Não se duvida que o Brasil possa destacar-se muito em um cenário que exige que o mundo leve a zero suas emissões de carbono até o ano 2050. Há estudos que indicam que podemos ser a primeira nação do G20 a atingir a meta.
Contam a nosso favor nossa matriz energética entre as mais “limpas” do planeta, as condições privilegiadas de território e insolação e anos de desenvolvimento tecnológico que nos dão condições competitivas excepcionais na produção de hidrogênio verde e toda a cadeia de biocombustíveis.
Contribui também o fato de quase metade de nossas emissões advir de desmatamento —que pode ser evitado— e o enorme potencial de absorção e retenção de carbono de nossas florestas e aproveitamento de áreas degradadas.
Seria, contudo, um grave erro acreditar que o país possa realizar todo esse potencial e auferir o crescimento resultante do ciclo econômico de baixo carbono de forma isolada e autônoma. Para tanto, será necessária a integração a uma cadeia global que regule as trocas entre os países, certifique créditos e débitos de carbono com base em métricas cientificamente comprovadas, estabeleça ônus e bônus segundo o cumprimento de compromissos de redução de emissões, compatibilize produtores e usuários das novas tecnologias de forma a estabelecer padrões internacionais; e assim por diante.
As regras e parâmetros dessa cadeia global estão sendo negociados todos os dias entre os grandes países em fóruns formais, em acordos paralelos, em jogos de força e pressão característicos da diplomacia internacional.
O negacionismo do governo anterior excluiu o Brasil desse jogo; o discurso ambientalmente responsável do novo governo permite que almejemos um lugar de força e prestígio na mesa de negociações.
Para tanto, será necessário fazer acompanhar o discurso de medidas concretas a ele alinhadas. A principal delas, sem dúvida, é a contenção do desmatamento na Amazônia. Nessa frente, as primeiras notícias são positivas, mas ainda há muito a ser feito para que a preservação da floresta seja sustentável; para que o conceito —óbvio para o mundo— de que “a floresta em pé vale mais do que derrubada” seja válido também para os amazônidas.
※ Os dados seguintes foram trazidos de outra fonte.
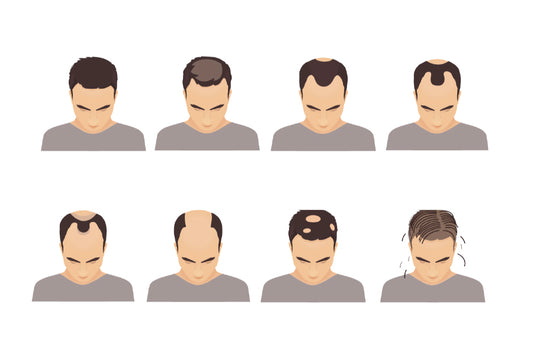 How To Avoid A Receding Hairline For Men: 7 Hair Loss Prevention Tips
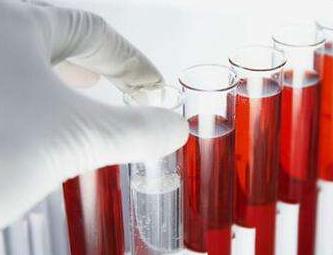 pct异常升高常见哪些疾病,pct突然升高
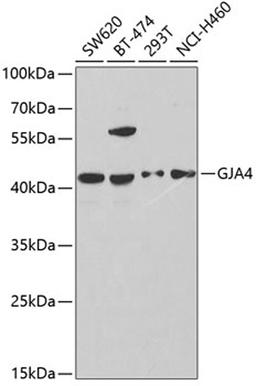 Western blot - GJA4 antibody (A2529)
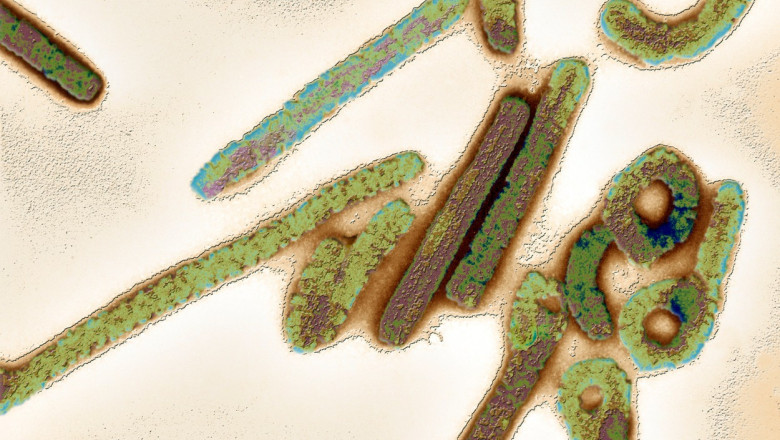 Un copil a murit dupa ce a fost infectat cu virusul Marburg, in Ghana Imagine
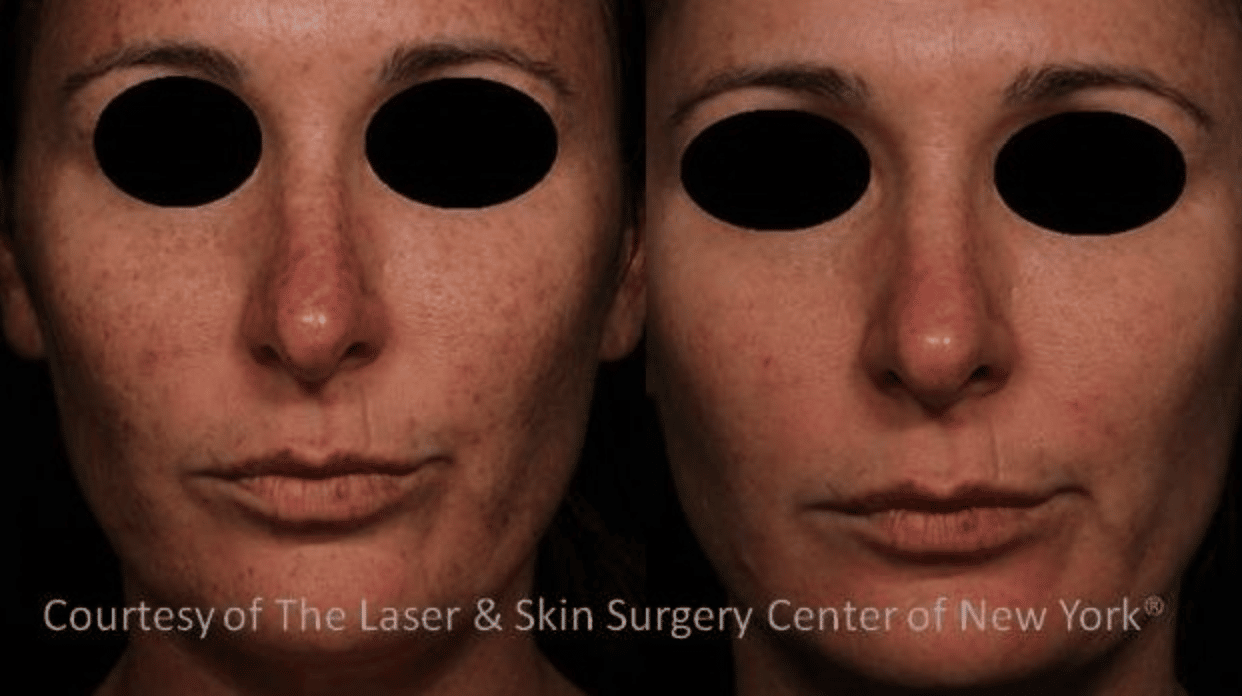 results after treating melasma Image showing melasma spots removed from the face of a female patient after the treatment, New York City, NY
Será também fundamental dar à proteção ambiental no Brasil o status de “questão de Estado”, não estando sujeita a mudanças radicais de rumo a cada nova eleição.
Assim como o país fez com o problema da inflação, deve-se criar uma governança que inclua a fixação de metas alinhadas aos nossos compromissos e atribua a órgãos independentes a responsabilidade por sua execução e acompanhamento.
Uma vez recuperada a influência que o Brasil pode exercer nas negociações, há muito o que reivindicar; desde questões estruturais como a responsabilização dos países emissores e o estabelecimento de um preço global para o carbono, até aspectos técnicos fundamentais para que o país realize seu potencial.
Entre esses, destaco a adoção de métricas que reconheçam o grande diferencial existente entre a capacidade de captação de carbono da agricultura tropical em relação à de zonas temperadas; a equiparação entre redução de emissões e captura de carbono (há uma tendência a se valorizar mais a primeira); reconhecimento das soluções naturais (NBS) para captura e a valorização da biodiversidade.
No jogo dos grandes interesses globais, há que negociar. Será importante reconhecer a linha de atuação que mais nos convém: a europeia, com seus rígidos sistemas que oneram a emissão e premiam a captura de carbono e seu esforço para estimular a adoção global de regras semelhantes através da imposição de impostos que reproduzam externamente essas condições; a americana, com seus vastos subsídios ao desenvolvimento de tecnologias verdes e nenhuma sanção aos emissores, delegando ao “mercado” a tarefa de zerar as emissões; ou o relativo alheamento de países como Índia, Rússia e, especialmente, China.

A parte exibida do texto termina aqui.